What you should do -
Write out, with no changes, every line starting at the one that contains "Kia Ceed 1.6" and ending at the last line of the data below. Leave pictures out.

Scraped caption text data
.....

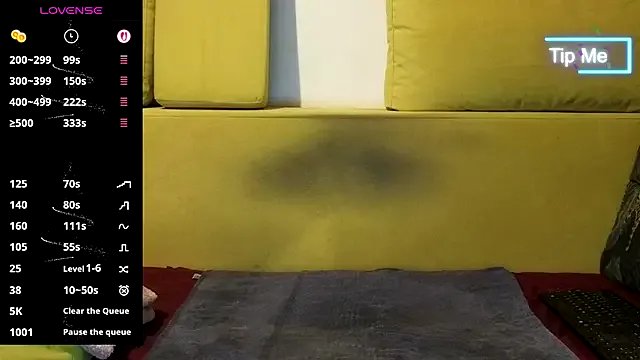 ana_squirt69 on StripChat 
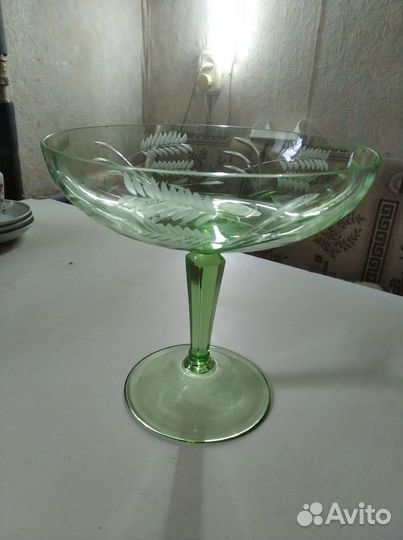 Ваза для конфет (цветное стекло СССР)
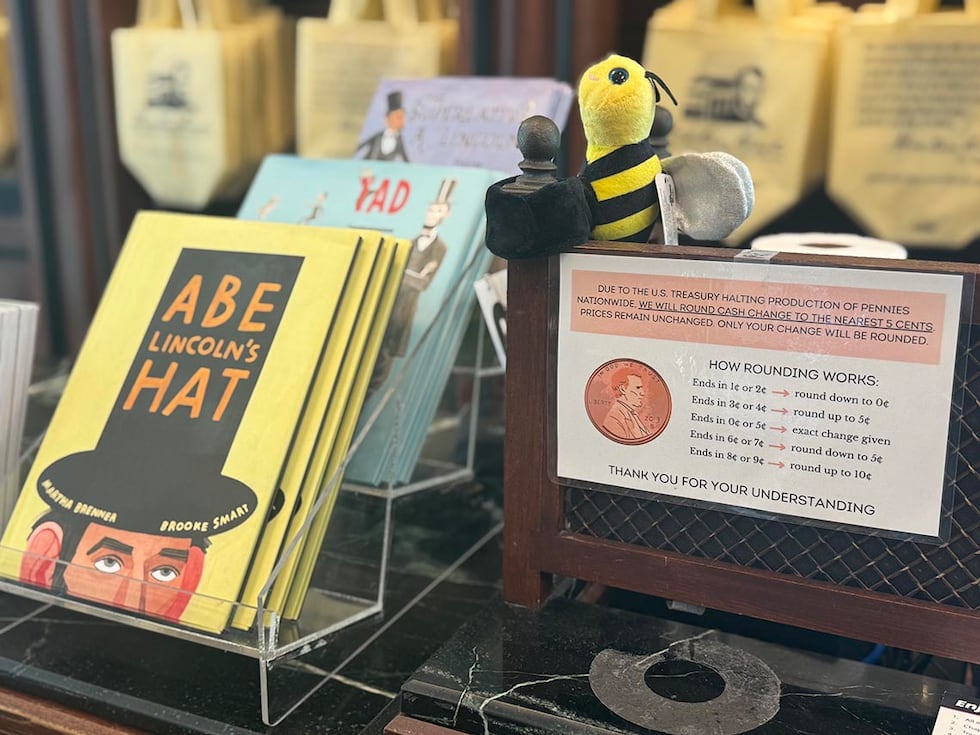 The gift shop at the Abraham Lincoln Presidential Museum has a printed guide for customers...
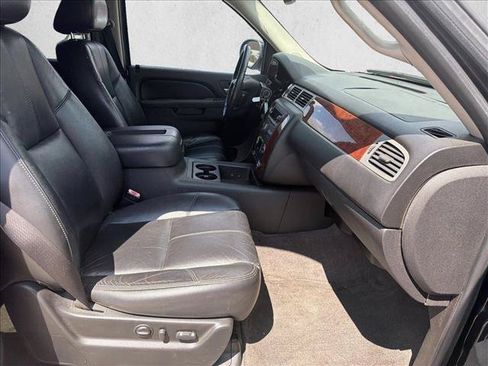 Used 2010 Chevrolet Suburban LT w/ Luxury Package RWD image 23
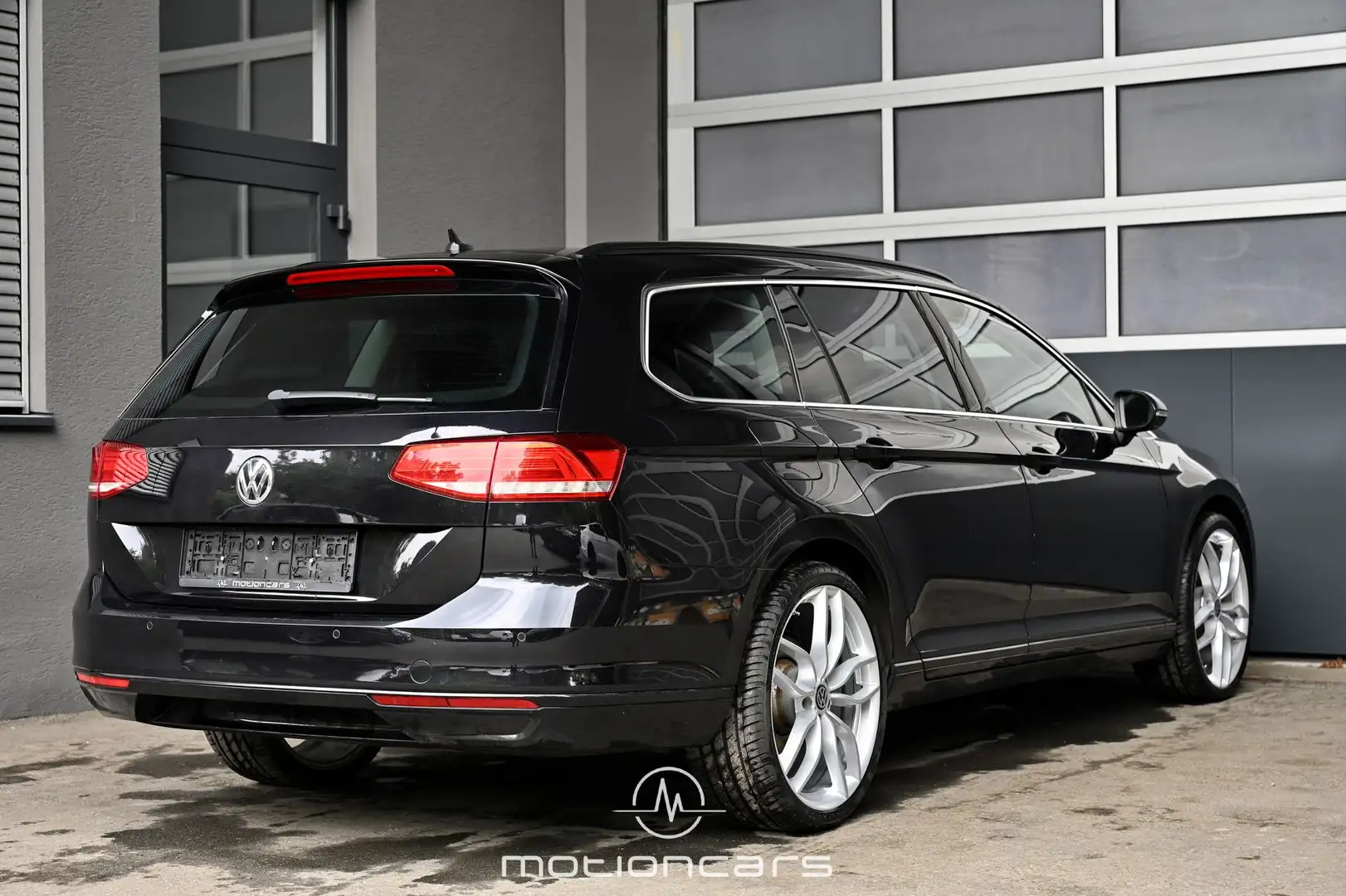 Volkswagen Passat Variant Comfortline TDI Pickerl NEU Noir - 2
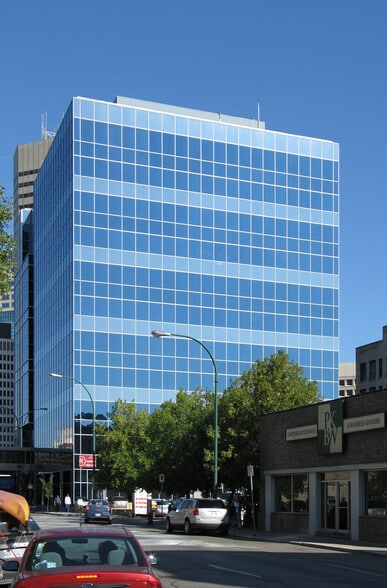 200 Graham Ave, Winnipeg, MB for lease - Building Photo - Image 2 of 4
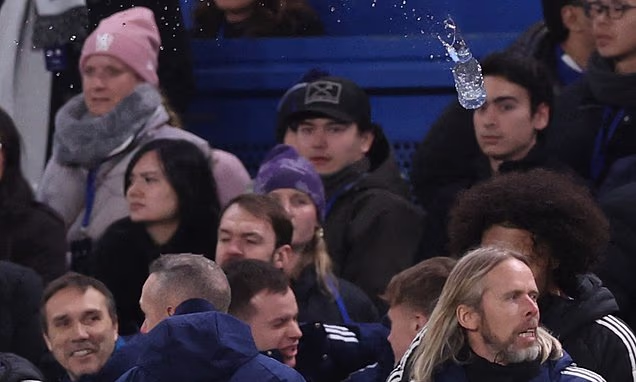 FA Slaps Chelsea with £150k Fine Over ‘Dangerous’ Dugout Incident 105053001 0 image a 107 1766878496211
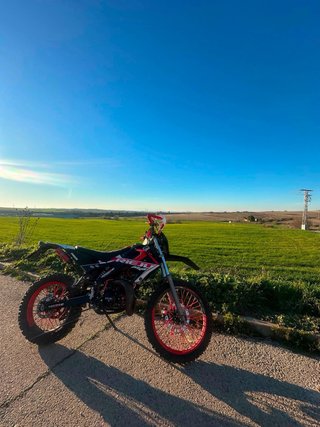 Rieju MRT 50 2022 Enduro Ruedas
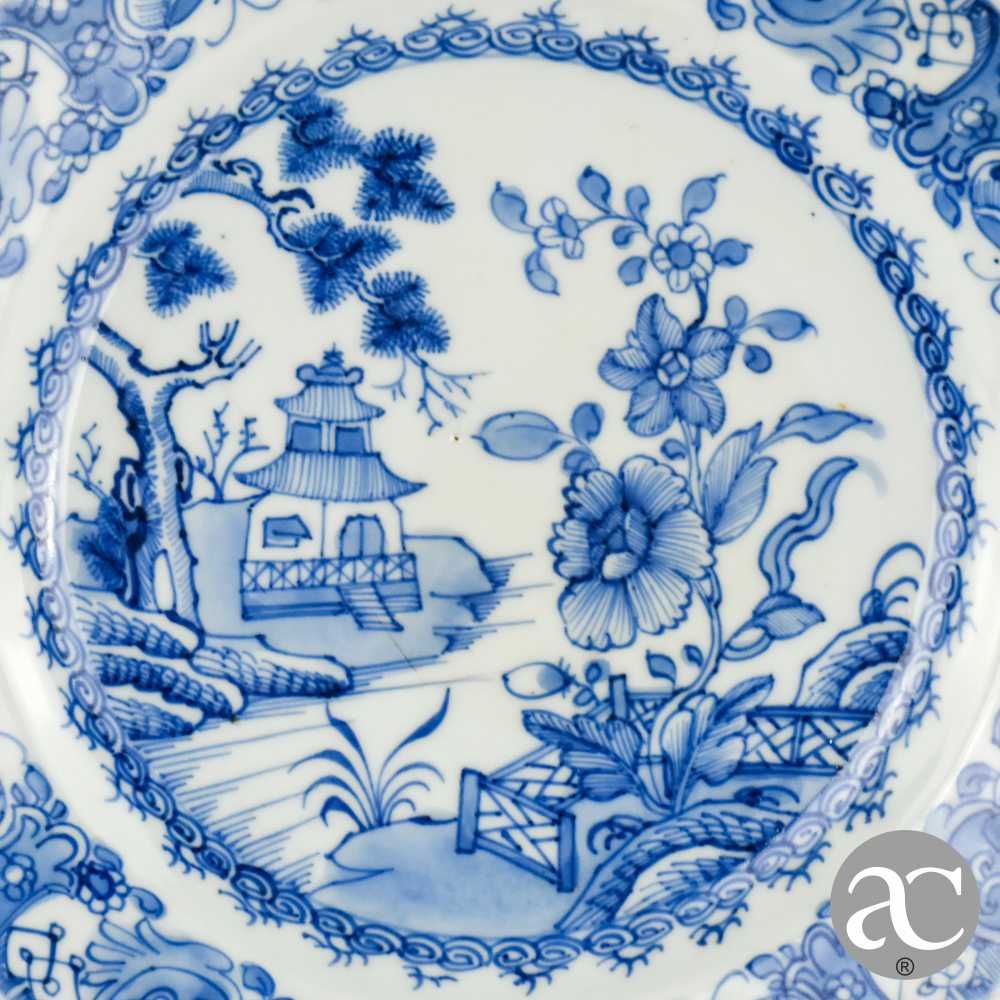 Prato porcelana da China, Pagodes e paisagem, Qianlong, séc. XVIII n2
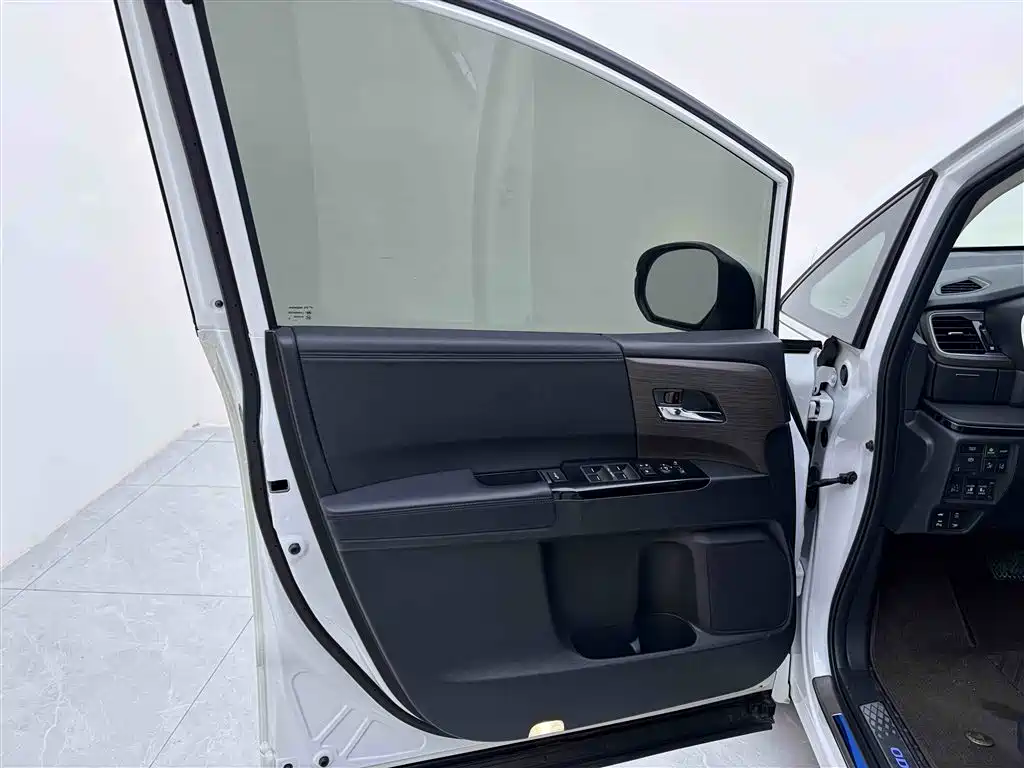 Honda Odyssey 2022 2.0L e:HEV Sharp·Premium Edition 2023 - thumbnail 15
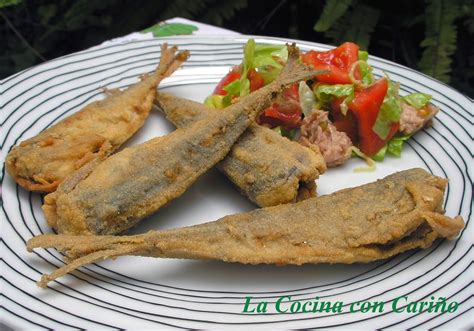 Jureles fritos en una bandeja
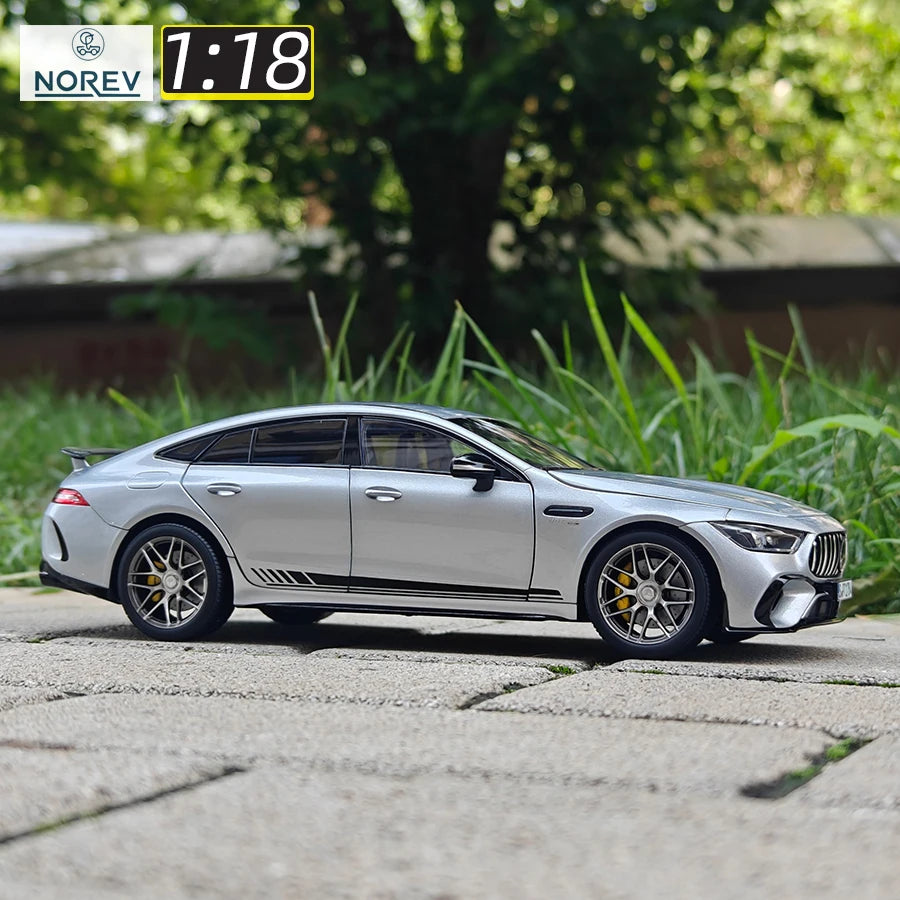 1:18 Mercedes-Benz AMG GT 2021 GT63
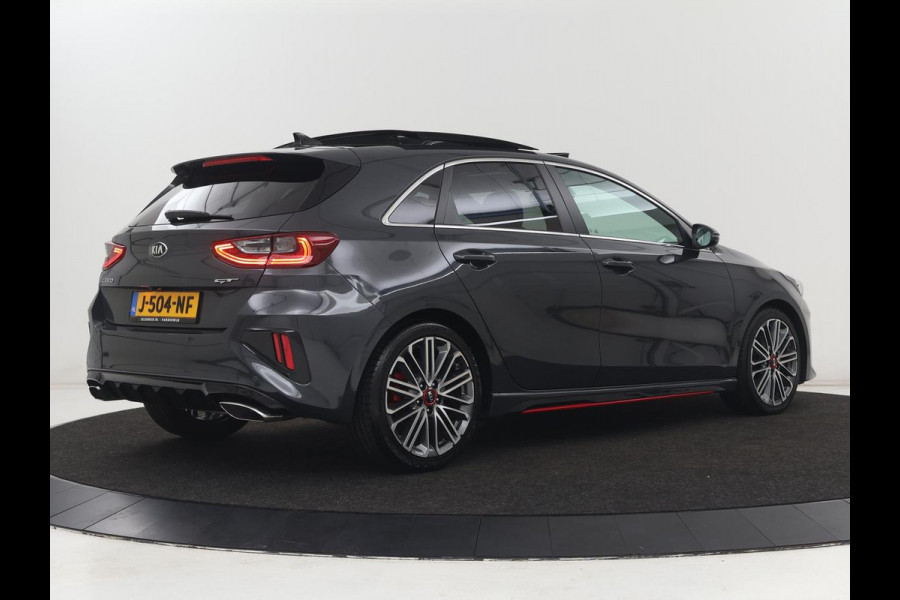 Kia Ceed 1.6 T-GDi GT | 204pk | Panoramadak | Stoelverwarming | Leder/Alcantara | Carplay | Keyless | Full LED | Navigatie | Sportstoelen | Stuurverwarming | Park Assist | JBL Sound | Memory | Digital Cockpit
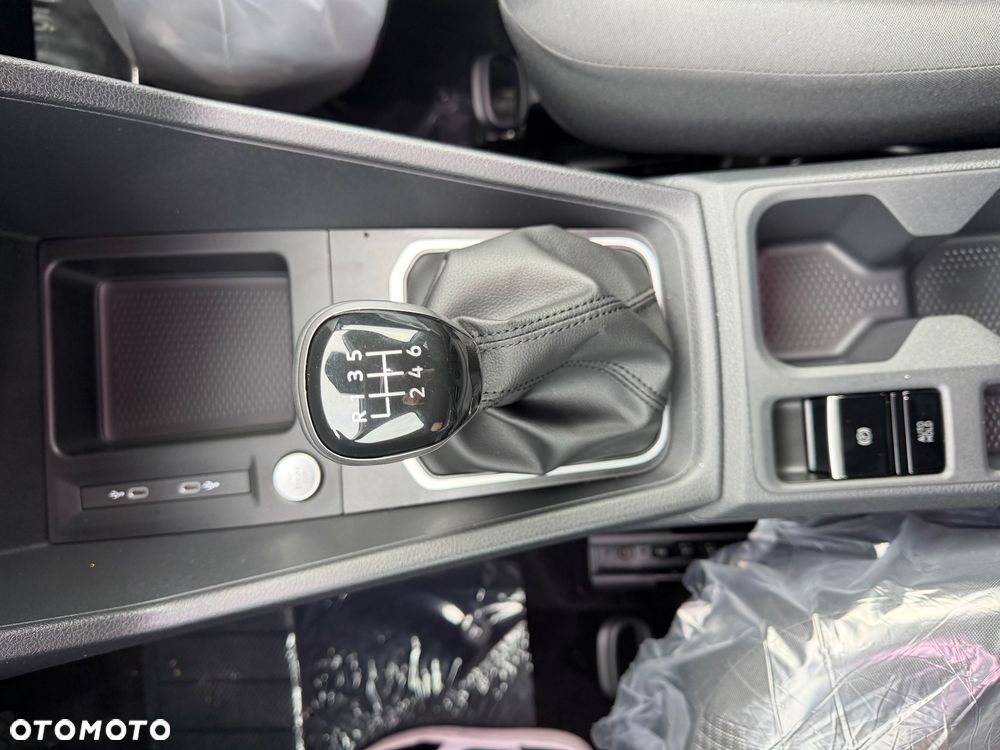 Volkswagen Caddy - 9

.....

Solution to this task -
 Kia Ceed 1.6 T-GDi GT | 204pk | Panoramadak | Stoelverwarming | Leder/Alcantara | Carplay | Keyless | Full LED | Navigatie | Sportstoelen | Stuurverwarming | Park Assist | JBL Sound | Memory | Digital Cockpit
 Volkswagen Caddy - 9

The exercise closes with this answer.